SUMMARY
Besides the power of the chelicerae, synergistic interactions between different components in the venom of Cupiennius salei ensure the hunting success of this spider. The main components of the venom were tested alone or in combination according to their physiological venom concentrations in Drosophila bioassays. The high K+ ion content of the venom synergistically increases the insecticidal activity of the neurotoxins CSTX-1, CSTX-9 and CSTX-13 by 20% but does not influence the insecticidal effectiveness of the antimicrobially and cytolytically acting cupiennin 1a. Histamine only enhances the activity of the main neurotoxin CSTX-1. An important role in the envenomation process is exhibited by cupiennin 1a, which increases the insecticidal activity of the above-mentioned neurotoxins by up to 65%. Additionally, the highly synergistic effect of the enhancer CSTX-13 on CSTX-1, provoked in non-toxic physiological concentrations, could be verified for CSTX-9, but not for cupiennin 1a. CSTX-1 and CSTX-9 show positive interactions only when both are injected in toxic non-physiological concentrations.
Introduction
Spider venoms are complex mixtures of components used to paralyse prey items and defend against predators. Rapid paralysis results from the modifications of various ion channel targets by low molecular mass compounds,neurotoxic peptides and proteins. However, much less is known about the interactions of venom components within a prey organism(Adams, 2004; Kuhn-Nentwig et al.,2004).
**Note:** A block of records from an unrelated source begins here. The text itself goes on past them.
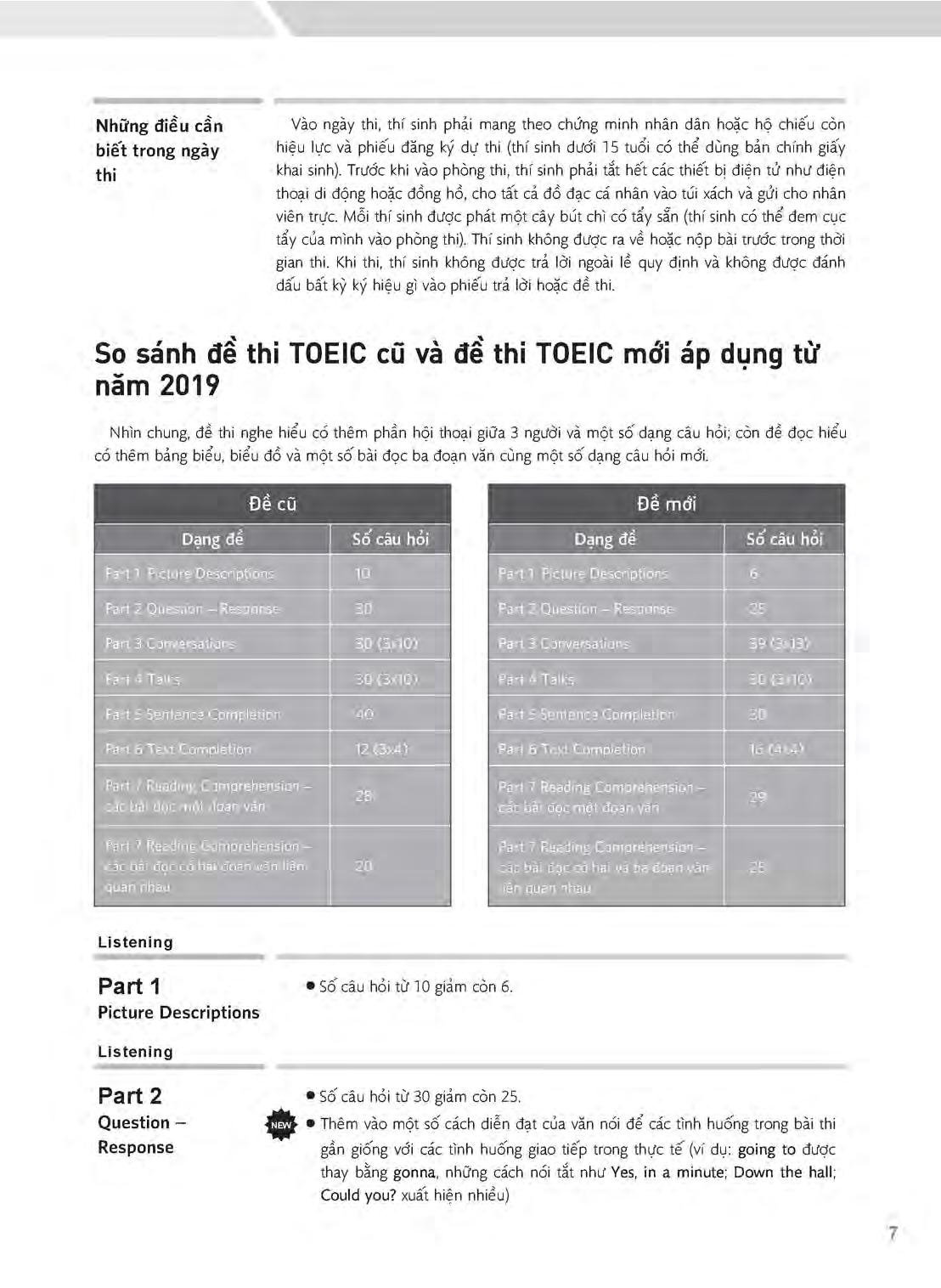2019 toeic - 5 full simulation tests (bao gồm sách, scripts & answer key và đĩa mp3) - Ảnh 5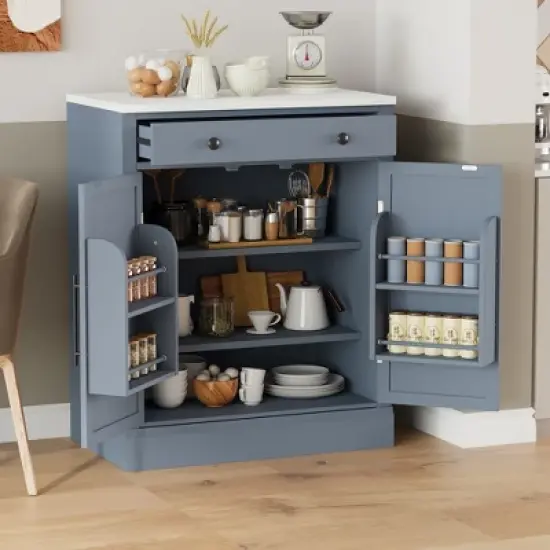 Bella Depot Modern Freestanding Kitchen Pantry Cabinet image {14}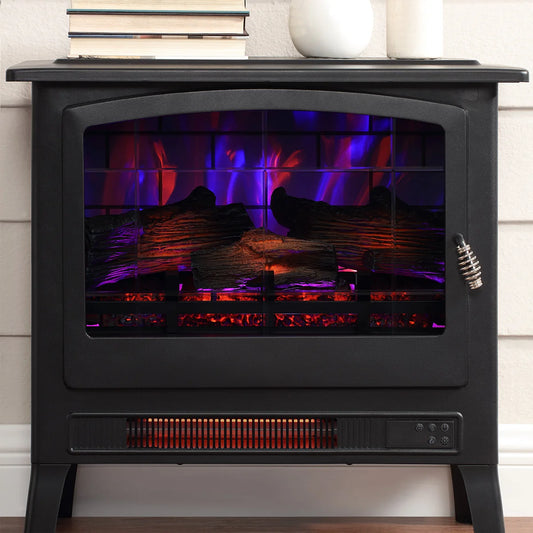 Infrared Electric Fireplace Stove Heater - Retail $135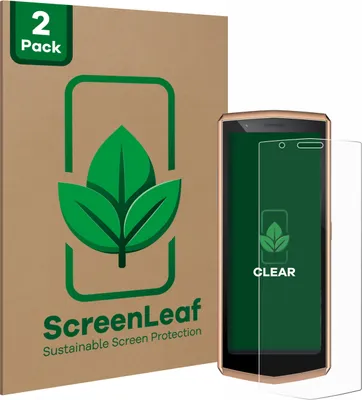 Produktbild von 2x ScreenLeaf Schutzfolie für Cubot Pocket 3 nachhaltiger Displayschutz Display Schutz Folie Klar Transparent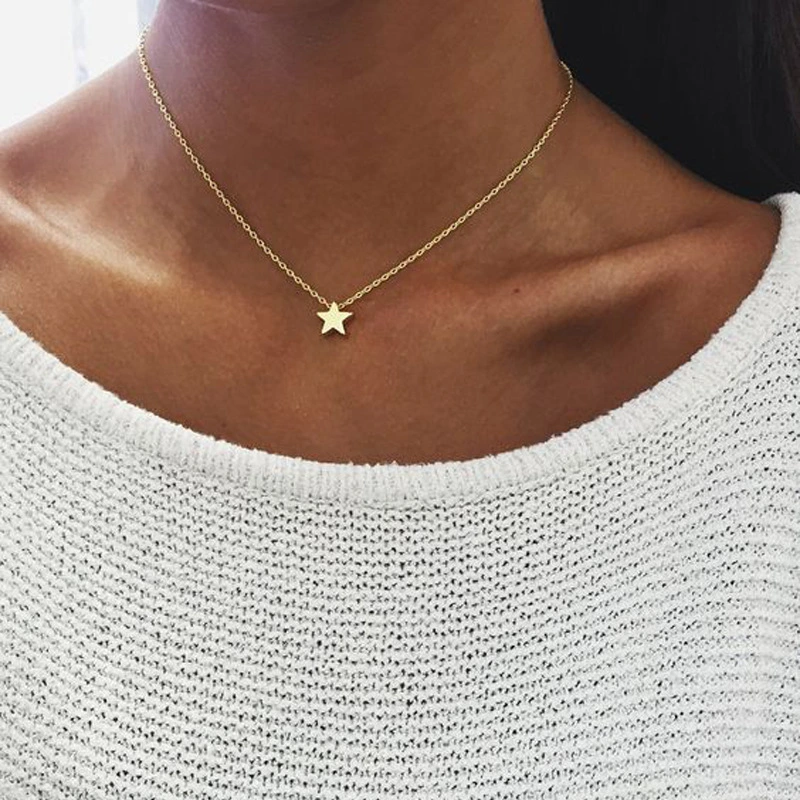 DAINTY STAR CHOKER NECKLACE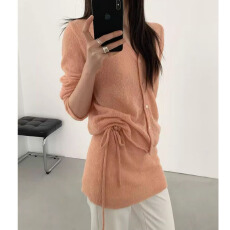 批发夏 甜味微风~韩系v领针织开衫绑带屁帘两件套 薄款空调防晒衣1108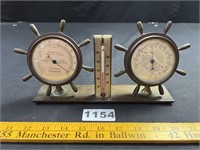 Swift & Anderson Nautical Bronze Weather Station
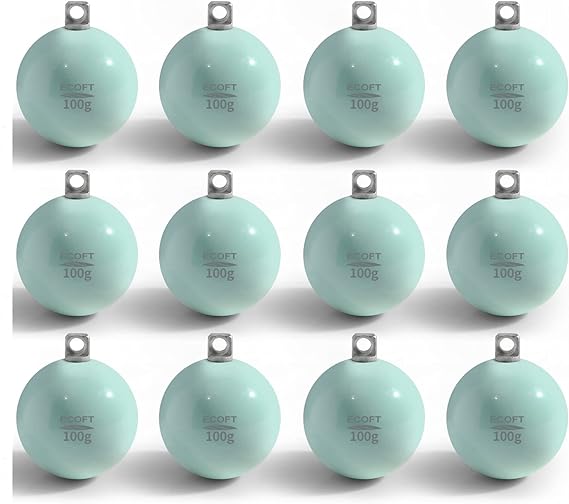 ECOFT Lead Free Fishing Sinkers and Weights Coated Egg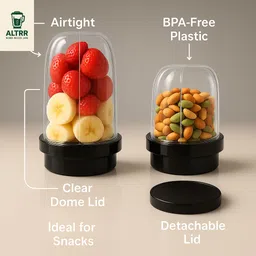 altrr Bullet Nutri Jar Set (642 ML & 383 ML) – Perfect for Smoothies, Chutneys & Dosas Mixer Juicer Jar-picture-14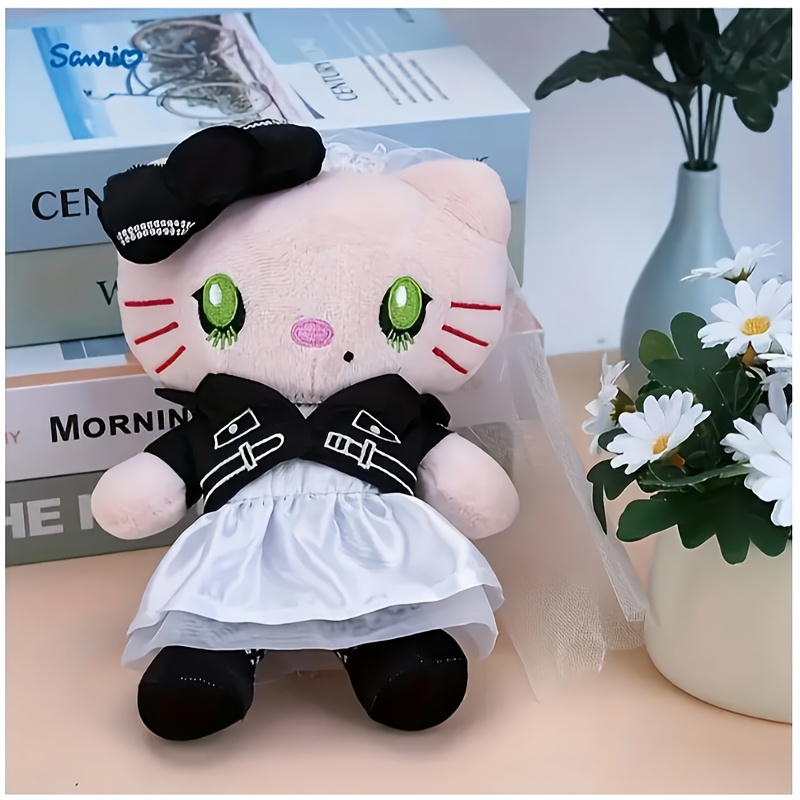 TEMU [ Officially ]hello Kitty Bride Plush Doll - Perfect For Halloween, Birthday Parties And Christmas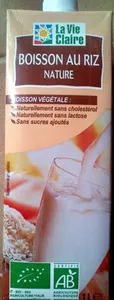 Boisson au riz nature La Vie Claire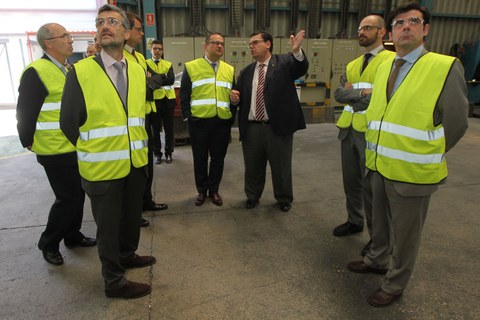 Una delegación polaca visita la cooperativa MAPSA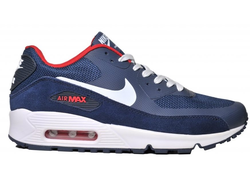 Nike Air Max 90 PREMIUM синие с белым (42-45) Арт. 011FM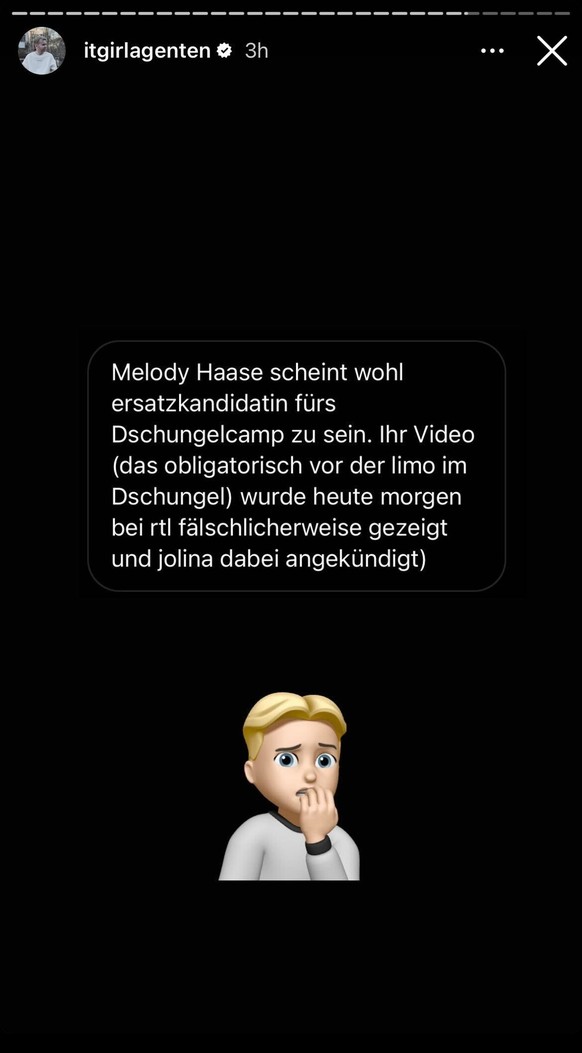 Der Youtuber Ramon Wagner teilt einen Kommentar, in dem vermutet wird, dass Melody Haase als Dschungelcamp-Ersatzkandidatin eingeplant ist.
The Central American spider Cupiennius salei (Keyserling 1877)uses its venom as economically as possible. The amount of venom injected varies depending on size, activity, defense behaviour and venom sensitivity of a prey item (Malli et al.,1999; Wigger et al.,2002; Wullschleger and Nentwig, 2002). This optimal venom dosage is continued on the biochemical level through positive interactions among various venom components(Kuhn-Nentwig et al., 1998; Wullschleger et al., 2004). In C. salei venom, proteins with molecular masses above 10 kDa have been identified. Additionally, disulfide-rich neurotoxins, highly cationic peptides with molecular masses between 3-10 kDa, and low molecular mass compounds, such as ions, biogenic amines, polyamines and neurotransmitters, are present(Kuhn-Nentwig et al.,2004).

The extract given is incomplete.